Task:
What you give back from the listing below should be an exact copy of the lines from the one with "Travelon Anti-Theft Waist" down to the one with "Dinah Side Chair", and it should contain no pictures.

Data to examine:
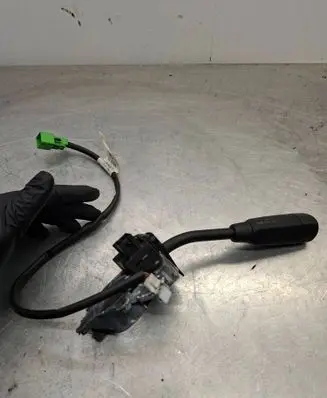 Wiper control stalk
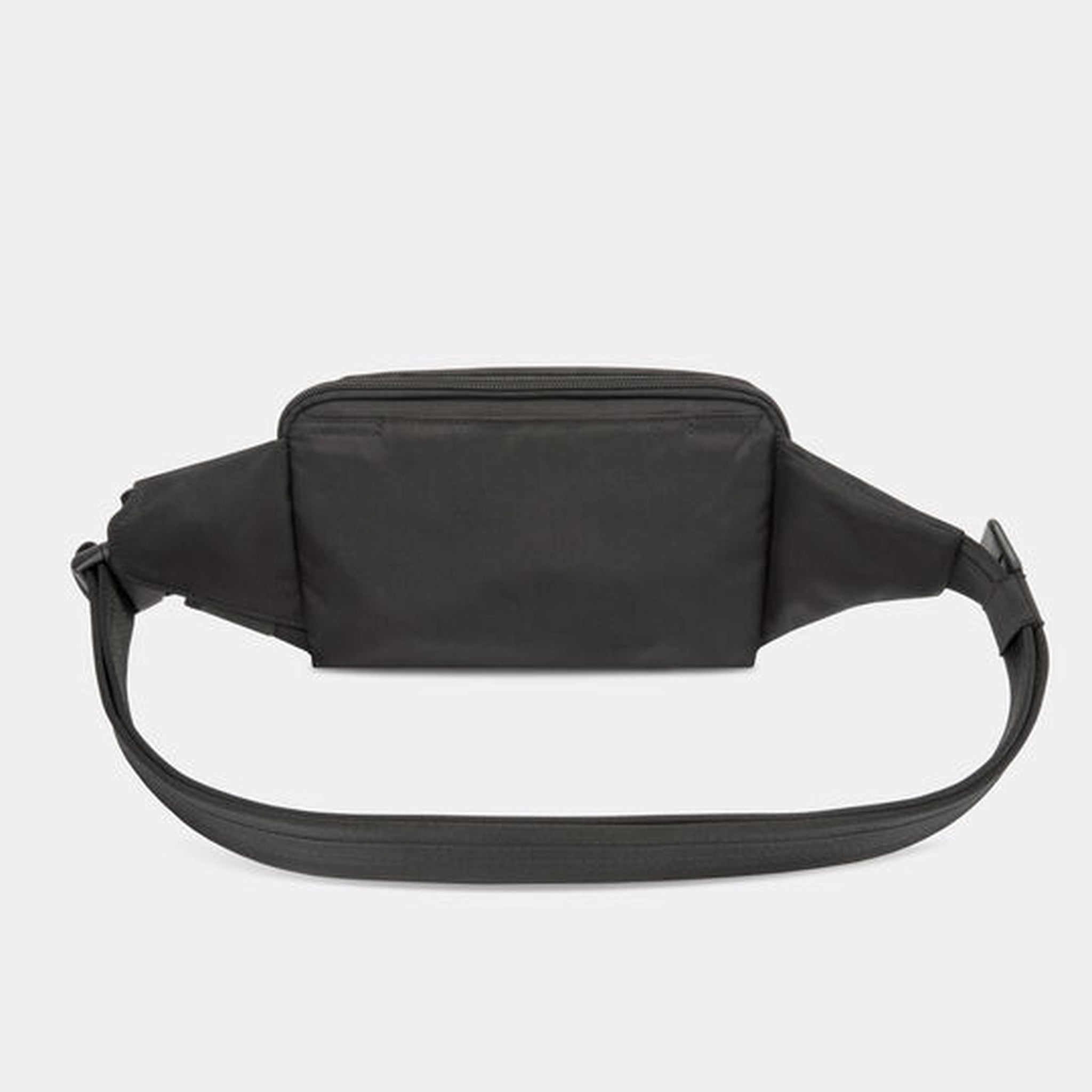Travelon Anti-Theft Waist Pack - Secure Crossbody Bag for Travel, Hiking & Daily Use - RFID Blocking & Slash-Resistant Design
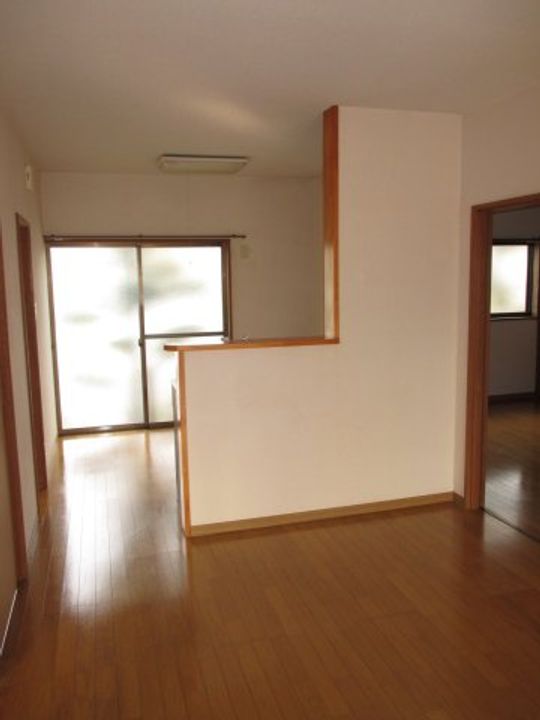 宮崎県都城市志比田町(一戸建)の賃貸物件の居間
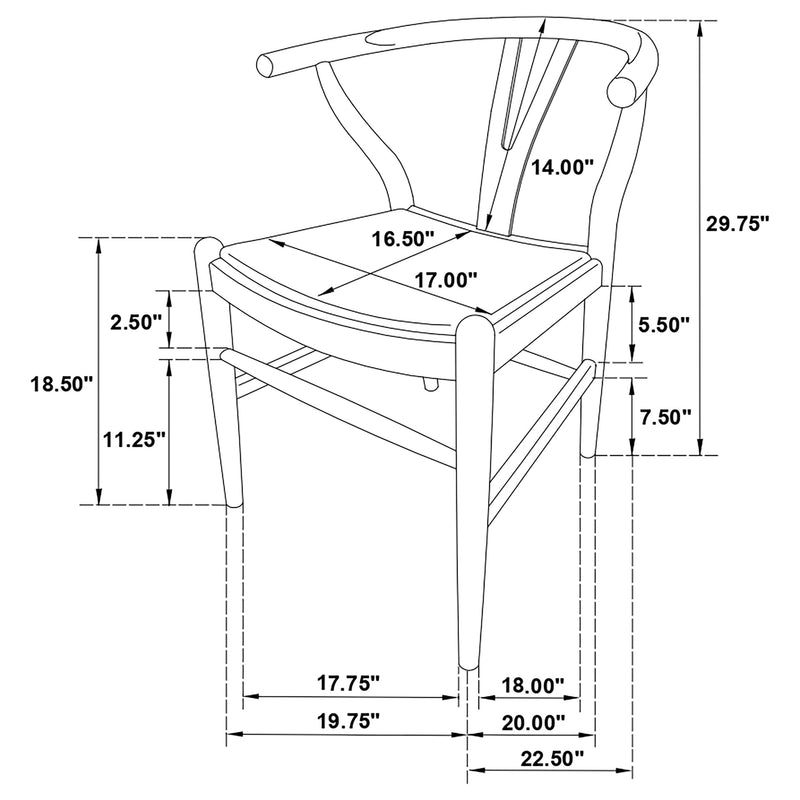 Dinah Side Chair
--
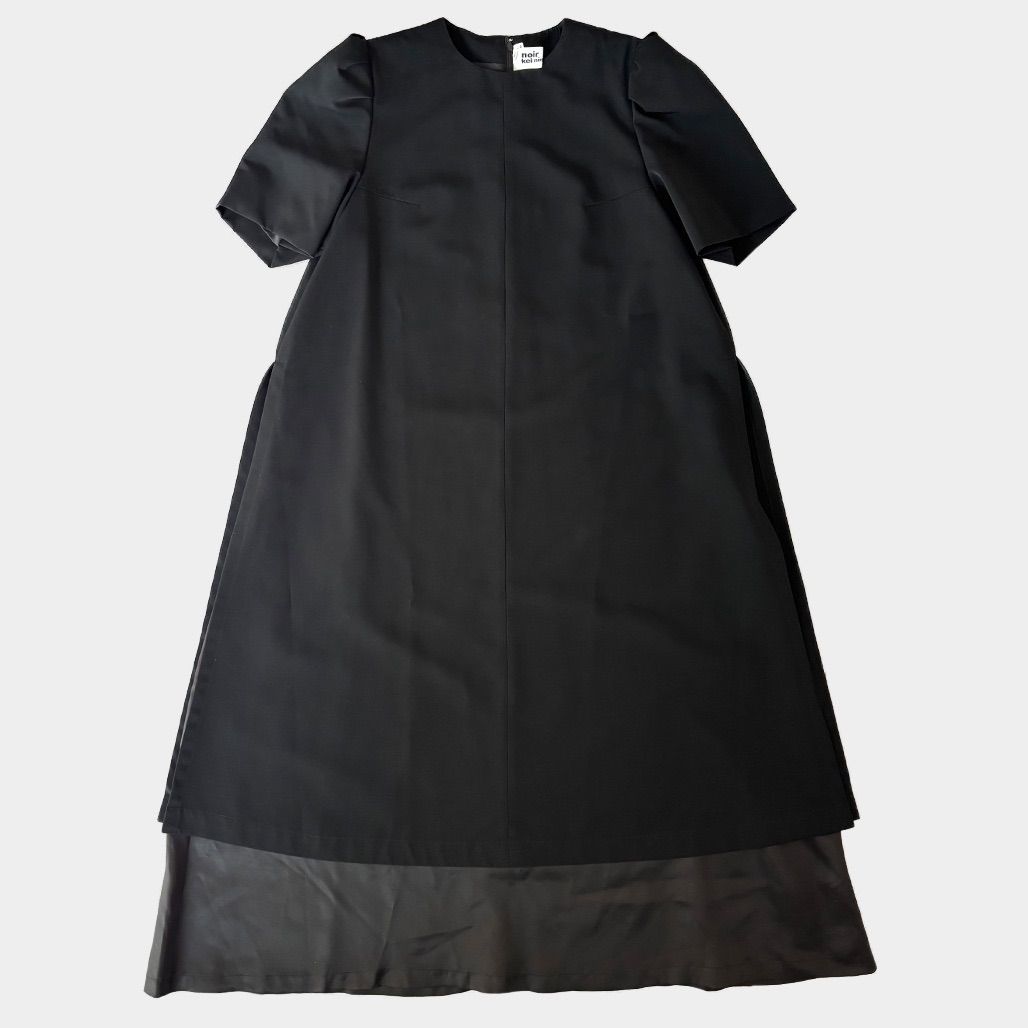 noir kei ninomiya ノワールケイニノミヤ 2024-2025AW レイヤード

Solution:
Travelon Anti-Theft Waist Pack - Secure Crossbody Bag for Travel, Hiking & Daily Use - RFID Blocking & Slash-Resistant Design
 宮崎県都城市志比田町(一戸建)の賃貸物件の居間
 Dinah Side Chair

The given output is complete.